What's needed is an exact copy of the lines from the one that contains "Lake Swaroop Sagar Hotel | Hotel Lake Bridge" to the end of the data below, leaving the pictures out.

Data shown:
★ ★ ★

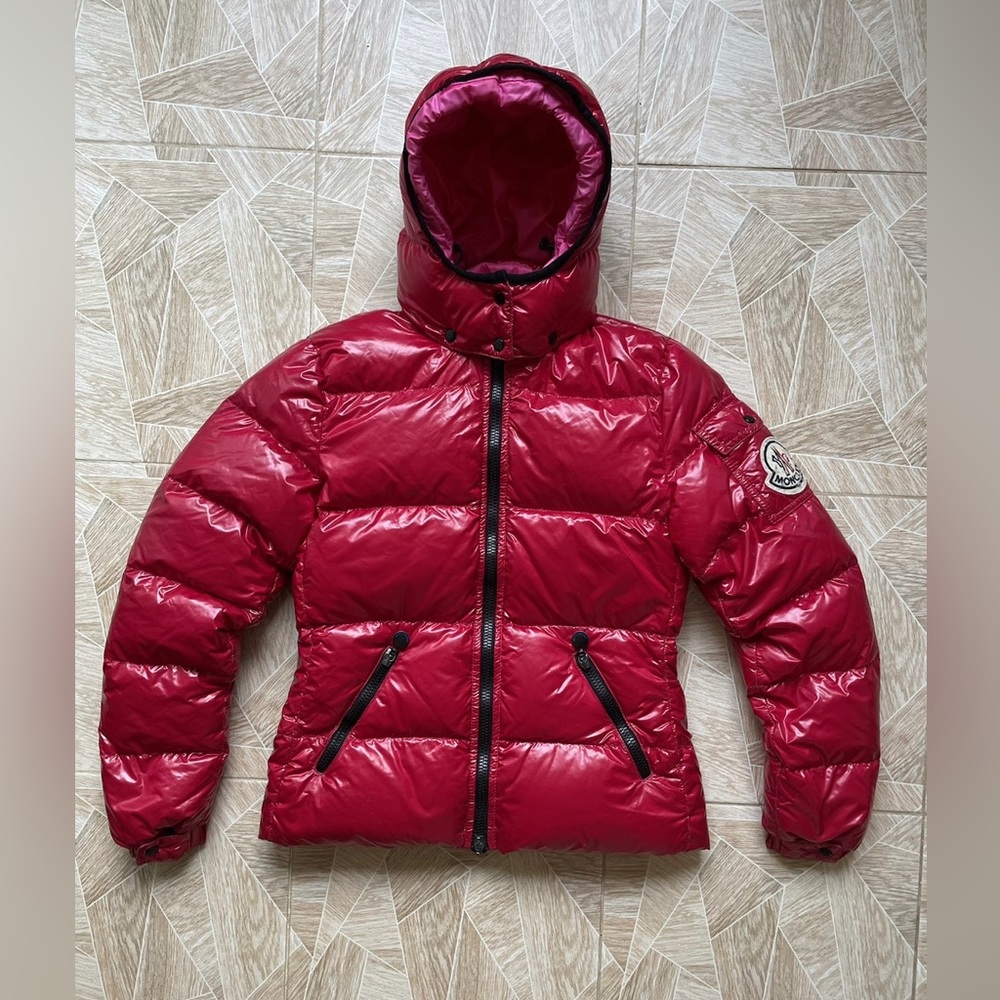 Luxury Moncler Red Woman's Down Jackets
Condition: Very Good
Size: 1(S)
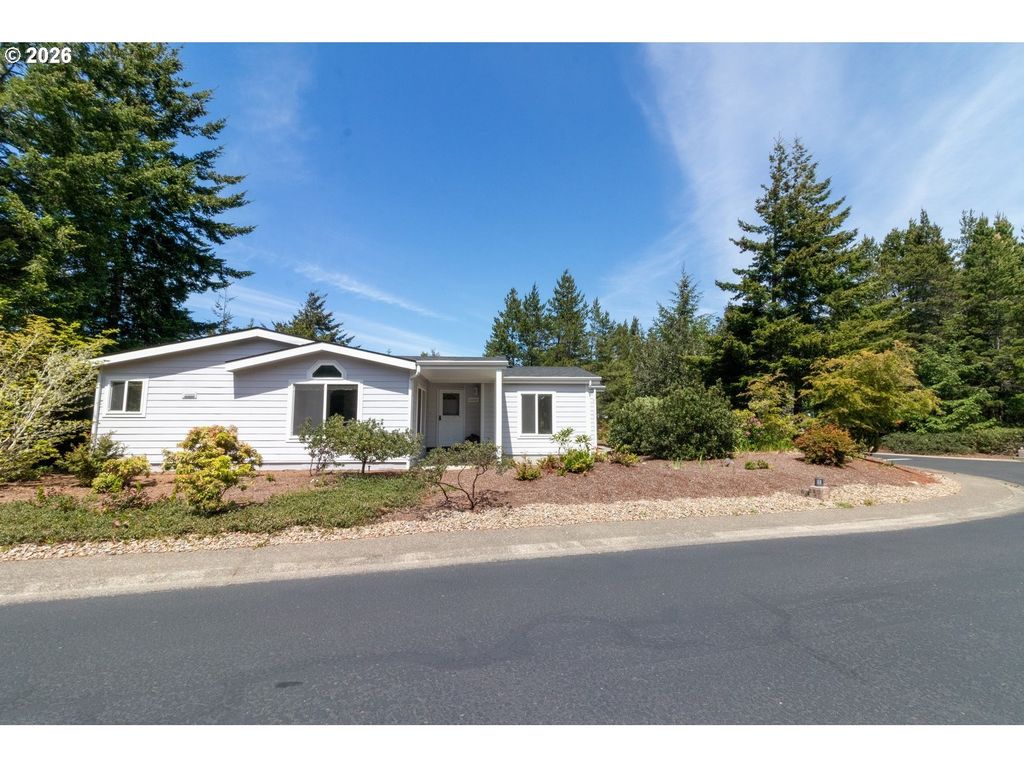 499 Sherwood Loop, Florence
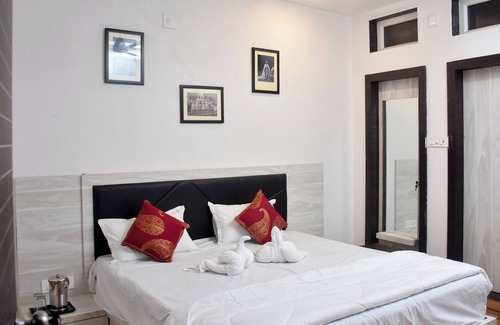 Lake Swaroop Sagar Hotel | Hotel Lake Bridge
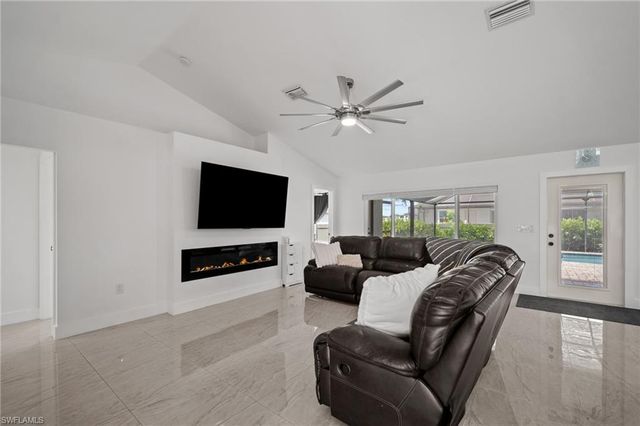 2702 NE 1st AVE, Cape Coral, FL 33909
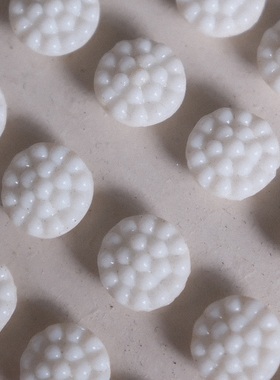 约13mm一颗价英国VINTAGE泡泡聚集顶部乳白色玻璃纽扣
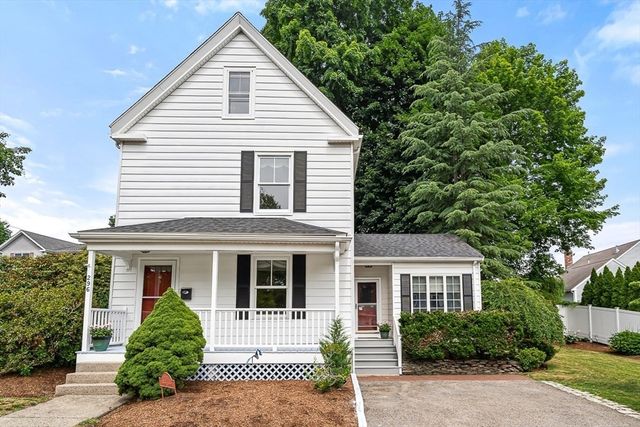 296 Linden St., Wellesley, MA 02481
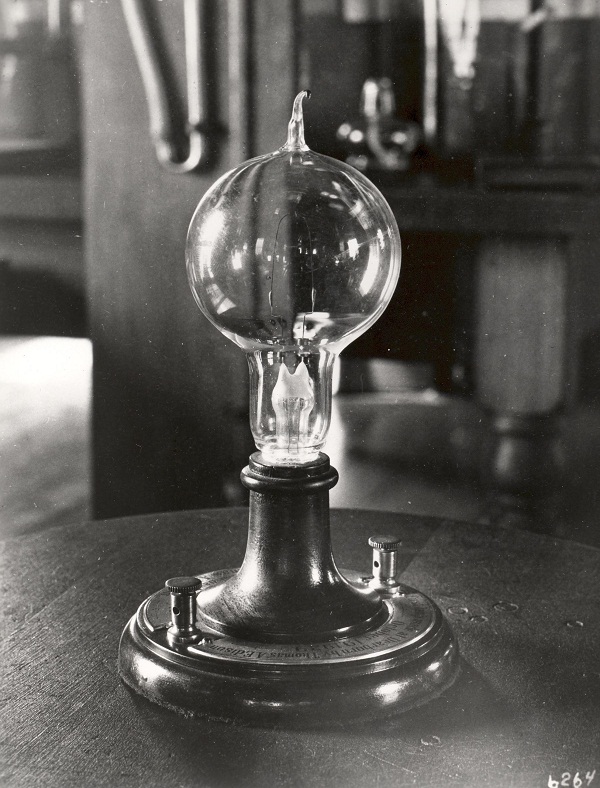 اختراع لامپ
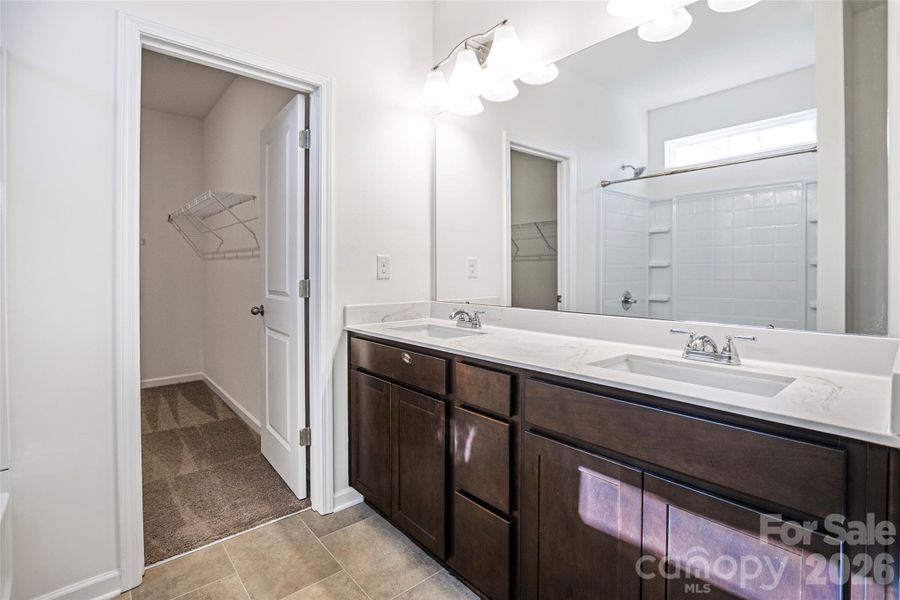 Furnished interior view inside a new home in Wilora Pond, Charlotte (Image 4).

★ ★ ★

Output:
 Lake Swaroop Sagar Hotel | Hotel Lake Bridge
 2702 NE 1st AVE, Cape Coral, FL 33909
 约13mm一颗价英国VINTAGE泡泡聚集顶部乳白色玻璃纽扣
 296 Linden St., Wellesley, MA 02481
 اختراع لامپ
 Furnished interior view inside a new home in Wilora Pond, Charlotte (Image 4).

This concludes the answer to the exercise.